I do have links but also a little fear to give away some itelectual property for example the specific nm of my LEDs would give a lit away.

Thank You very much for the plans. I'll study them well. :)

hard to believe that 48 little LEDs made for such a good thread!

Cheers to all the great input!!

Thanks again!!

An LM317 has a maximum rating of ~37 volts difference between input and output. So, if you had say 168 volts on the input, and the output was connected to the series string of LEDs, the output pin would be at 132 volts. Therefore the 36V difference between input and output would be just within the rating. If you configured the LM317 to provide a constant current of

18 mA, and put a 1000 ohm resistor in series between the 168 volt source and the input pin, the resistor would drop 18 volts, so the input pin of the LM317 would be at 150 volts, and the difference voltage would be 18 volts instead of 36.

You configure the LM317 as a constant current source by connecting a resistor from its output pin to its adjust pin, and connecting the load to the adjust pin. The formula to determine the resistance or current is 1.25/R = I

For example, to get ~ 18 mA:

----- 68 ohms + ----|LM317|---/\/\/---+ ----- R | | | +--------------+--LOAD--+ | - -------------------------------+

1.25/68 = ~.018

In a like manner, if R was 1 ohm, I would be 1.25, if R was 10 ohms, I would be .125, if R was 100 ohms, I would be .0125 and so forth.

You should also check the power dissipated in the LM317. Power is the LM317 input - output voltage difference times the current.

Ed

--
Nice. :-)

sorry Ed, I must be too thick in the head like Dad used to say...

If I start with 110V from the wall and my fixture is 132V total then I will have to split my LEDs into a minimum of two strings. As soon as I split up the 48 LEDs up the smaller individual strings total V would be greater than the drop limit of 36V for a LM317.

If I split them evenly.

132 / 2 = 66V per string 110 - 66 = 54V drop

In my mind I keep coming back to the comments about the reliability of power past a laptop charger is very good. and the comments about not running the LEDs at their full ratings.

This gives me a clean reliable 19V

Also everyone is saying to under drive me LEDs

I could build strings that are around 20.5V without resistors.

Even if my LEDs won't run at MAX brightness (which is not good anyway apparently) at least all power would be being used to make light and none being wasted in resistors or 317s or anything else. (Unless I am a retard which is very possible. This is pretty new stuff for me) 19V is also pretty low so even if it shorts it would not be a fire starter. Running at 110V is a bit scary.

Yep. You seem to be hinting at selling this to the public. I don't know if that requires certification where you live, but it's likely (and for good reasons!).

If any part of whatever it is your selling has mains A/C wires inside it then it had better be rock-solidly built.

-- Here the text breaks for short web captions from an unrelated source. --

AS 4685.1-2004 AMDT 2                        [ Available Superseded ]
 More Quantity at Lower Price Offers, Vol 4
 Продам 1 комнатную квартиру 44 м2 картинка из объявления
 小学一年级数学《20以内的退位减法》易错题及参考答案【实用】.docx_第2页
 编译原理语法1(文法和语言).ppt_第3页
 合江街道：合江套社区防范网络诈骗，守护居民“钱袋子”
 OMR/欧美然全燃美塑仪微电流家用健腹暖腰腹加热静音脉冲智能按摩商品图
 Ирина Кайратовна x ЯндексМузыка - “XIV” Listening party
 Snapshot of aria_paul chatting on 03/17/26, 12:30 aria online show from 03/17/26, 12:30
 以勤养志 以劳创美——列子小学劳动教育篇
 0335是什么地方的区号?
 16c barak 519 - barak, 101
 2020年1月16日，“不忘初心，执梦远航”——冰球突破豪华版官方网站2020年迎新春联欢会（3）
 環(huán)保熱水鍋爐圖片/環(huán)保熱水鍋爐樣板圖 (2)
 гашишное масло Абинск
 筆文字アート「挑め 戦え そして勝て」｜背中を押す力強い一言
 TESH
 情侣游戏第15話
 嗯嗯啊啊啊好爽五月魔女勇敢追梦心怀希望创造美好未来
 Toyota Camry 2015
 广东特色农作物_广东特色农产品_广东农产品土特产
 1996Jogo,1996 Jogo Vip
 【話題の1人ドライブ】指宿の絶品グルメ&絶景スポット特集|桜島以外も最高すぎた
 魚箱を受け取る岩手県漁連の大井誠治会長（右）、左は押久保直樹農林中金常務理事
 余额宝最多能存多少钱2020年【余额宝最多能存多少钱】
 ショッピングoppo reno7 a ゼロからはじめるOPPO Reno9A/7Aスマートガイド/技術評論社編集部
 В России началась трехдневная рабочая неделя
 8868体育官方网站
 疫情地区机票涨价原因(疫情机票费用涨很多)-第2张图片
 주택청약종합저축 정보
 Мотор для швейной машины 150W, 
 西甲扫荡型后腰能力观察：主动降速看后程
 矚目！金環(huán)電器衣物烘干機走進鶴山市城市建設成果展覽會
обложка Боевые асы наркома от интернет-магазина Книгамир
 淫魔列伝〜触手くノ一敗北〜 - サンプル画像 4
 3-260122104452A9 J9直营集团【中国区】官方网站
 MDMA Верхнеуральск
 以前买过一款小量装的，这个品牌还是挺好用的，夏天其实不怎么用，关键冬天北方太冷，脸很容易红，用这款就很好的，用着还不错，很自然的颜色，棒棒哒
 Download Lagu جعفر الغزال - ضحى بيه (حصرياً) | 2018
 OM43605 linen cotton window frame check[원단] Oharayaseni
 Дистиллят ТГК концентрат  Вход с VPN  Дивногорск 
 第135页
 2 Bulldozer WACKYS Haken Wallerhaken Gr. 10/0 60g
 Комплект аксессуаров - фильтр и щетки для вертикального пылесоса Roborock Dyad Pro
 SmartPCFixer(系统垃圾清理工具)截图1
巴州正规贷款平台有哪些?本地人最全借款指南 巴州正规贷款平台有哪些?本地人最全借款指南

Laptop power supplies have already been through the certification process and they mean that no part of your gizmo has potentially lethal wires inside it.

If you rectify & filter 110 volts you get about 155 volts DC.

If you rectify & filter 120 volts you get about 170 volts DC.

My line voltage is usually around 127 volts, which gives

127*1.414=179.578-.6, or 178.978 after the diode's forward voltage drop. If you use a full wave bridge, you lose another .6 volts.

--
You can't have a sense of humor, if you have no sense.